The humanistic Approach is the third wave in Psychology and the profounder are Carl Rogers and Abraham Maslow. It brought with it a paradigm shift in the way clients were responded to and given treatment in a therapeutic setup. The approach gained worldwide recognition and until today, the therapy is utilized in the treatment of various psychological difficulties such as marital discord, mood changes, anxiety, addiction, etc. The approach focuses on realizing an individual’s actual potential, being one’s true self, and exploring feelings and strengths. The basic premise of humanistic therapy is that people are innately good and are capable of making sound choices. The therapy proposed by the pioneers of Psychology utilizes various principles that are discussed below and is often known as Person Centered Therapy, Client Centered Therapy and/or Humanistic Therapy. Not only in Psychology but the concept of a hierarchy of needs, given by Abraham Maslow is studied and utilized by people belonging to every industry, such as management, business, and philosophy!
An individual having low self-esteem can reap various benefits from humanistic therapy; which are discussed here. First, the therapy requires that a good rapport with the client be formed. The same is achieved by being empathetic and by using unconditional positive regard, two of the most important characteristics of humanistic therapists. Unconditional positive regard is understood as the technique in which the client is accepted for who he/she is, without any conditions attached. People generally face conditional love during their childhood and later it translates into adult life as well. For instance, a child is given love and affection only when he or listens to his/her parent’s instructions or when he/she scores exceedingly well in an examination and so, the child does the activities which please his/her parents.

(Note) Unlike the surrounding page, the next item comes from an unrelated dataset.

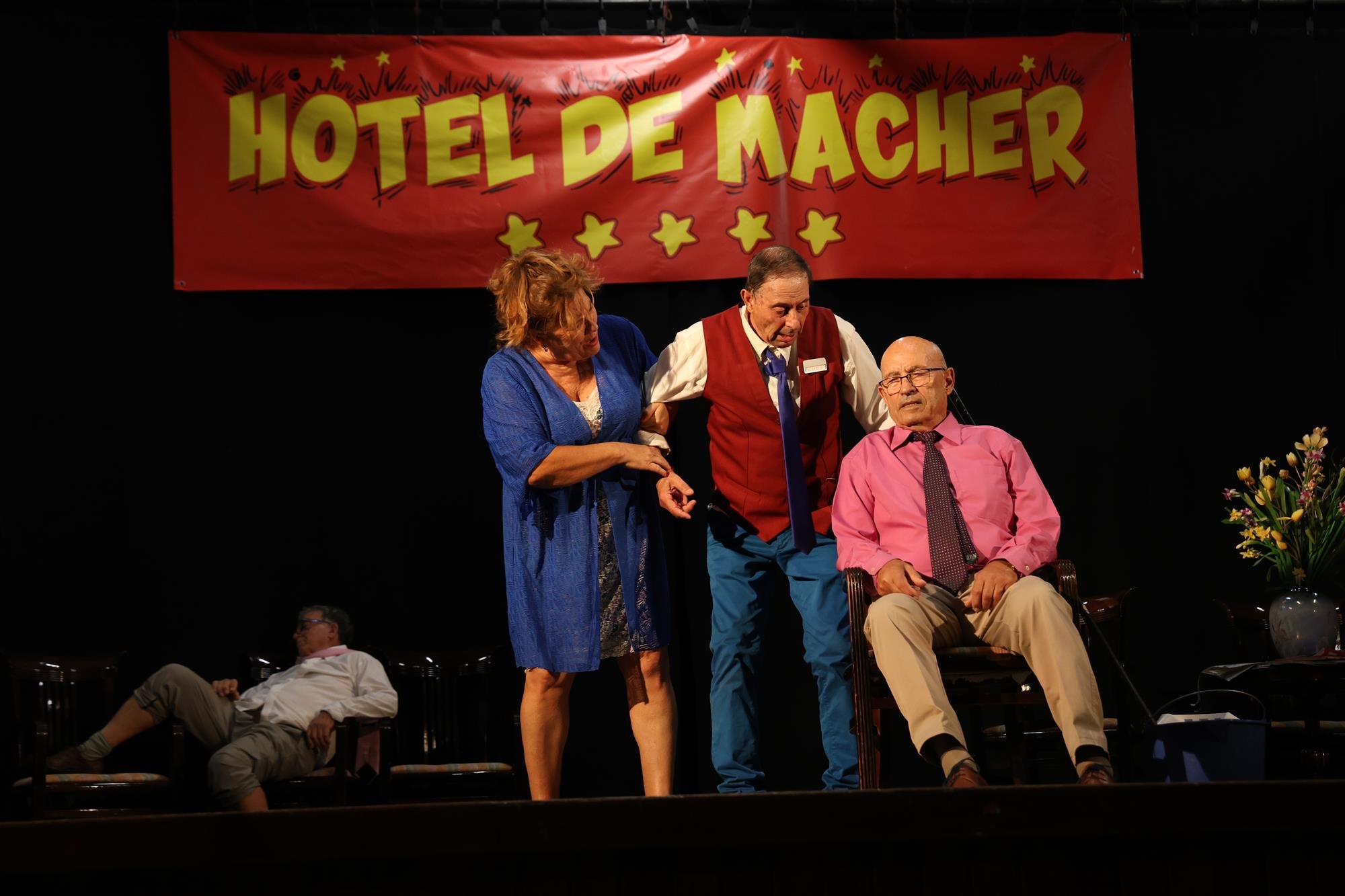 Obra 'Hotel de Mácher' en las fiestas patronales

Later in adulthood, this individual would behave and indulge in activities that others approve of, irrespective of whether he/she wishes to do them or not.

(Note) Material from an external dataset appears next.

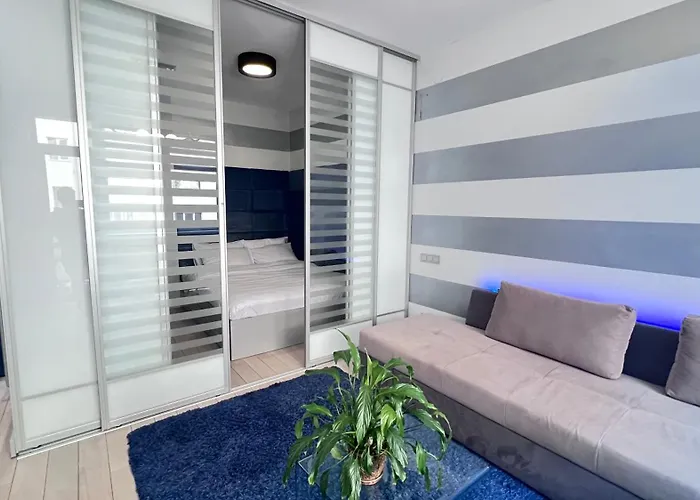 Osapart Knaza Svatoslava 5 Apartment *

An individual with low self-esteem would extremely benefit by being regarded for who he/she is, without any pre-conditions attached. Additionally, humanistic therapy emphasizes being non-judgmental, hence the client benefits by being heard without being looked down upon for his/her actions, beliefs, opinions etc. For instance, the client might have had a poor experience of being judged for his/her thoughts; hence the humanistic space would facilitate him towards letting out his thoughts freely, without being conscious, as he would not be made fun of.

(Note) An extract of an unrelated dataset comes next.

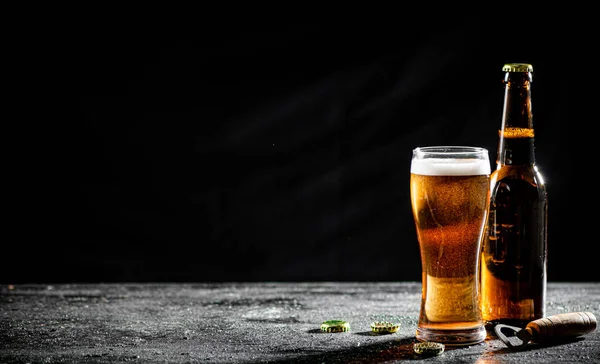Склянка Пивом Сільському Тлі — стокове фото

The humanistic therapist shows concern for the client and that he is cared for, which thereby, makes the client feel truly accepted. The aforementioned conditions would be utilized keeping in mind that the Humanistic approach focuses on understanding, caring, and emphasizing rather than labeling an individual with a psychological diagnosis, in order to achieve a therapeutic change. A basic tenet of humanistic therapy is that people possess the ability to change and grow, the client is shown immense respect and is appreciated for coming to the therapy session and for beginning the journey towards positive growth.
A person with low self-esteem generally tends to have conditional positive regard, however, this appreciation would increase his self-worth. These techniques, when used, provide an individual with the reassurance that he is well understood. In order to foster good self-esteem in the client, humanistic therapists seek information on whether his/her basic physiological, safety, security, and love and affection needs are met. This is done as Maslow suggested that an individual cannot move to the next stage, if the needs of the previous stage have not been realized and this, in turn, would enable and empower the client to achieve the lower level needs first. Next, as in all therapies, in-depth knowledge regarding the client’s difficulties, achievements, and family relations would be gained. This is done to bring to the client’s awareness that he is worthwhile, responsible, and capable of solving his/ her problems. The motive behind doing the same is for the client to develop trust and faith in himself/herself that he/she has lost at the present moment. The goals of the therapy are taken from the client and not from the therapist, a technique of humanistic therapy that gives the client major control over his/her life. Additionally, to aid the client in developing greater self-esteem, the client, in my opinion, should be encouraged to take part in activities that he/she has an interest in; for eg: dancing, painting, sketching, etc, to make him or aware of his likes/dislikes; which one often forgets when troubled.
This would also make him feel productive, a major goal as well as a benefit of humanistic therapy. Moreover, since humanistic therapy focuses on meeting the needs, the client would be motivated to participate in altruistic activities, form relationships, and indulge in spirituality, which are all means of attaining good self-esteem. In this process, the client can truly explore himself and even find the ‘purpose’ of his/her life. Another advantage of using humanistic therapy with a client with low self-esteem is that when he/she would experience a change in life, he/she would tend to feel anxious and even confused. However, to overcome such feelings, the client would be comforted by receiving the therapist’s warm presence. This essentially allows the client to deal with issues that are challenging and disturbing.
In conclusion, Humanistic Therapy forms the starting point for all other forms of therapies such as Cognitive Behavioural Therapy, Rational Emotive Behavioural Therapy, Expressive Arts Therapy, and Dance and Movement Therapy and has benefits that an individual wishes for i.e. being heard and accepted for who one really is. These conditions aid and foster an individual in leading a fulfilling and content life. The ideas behind Humanism and Humanistic therapy will definitely go a long way and will even become the basis of new emerging psychotherapies.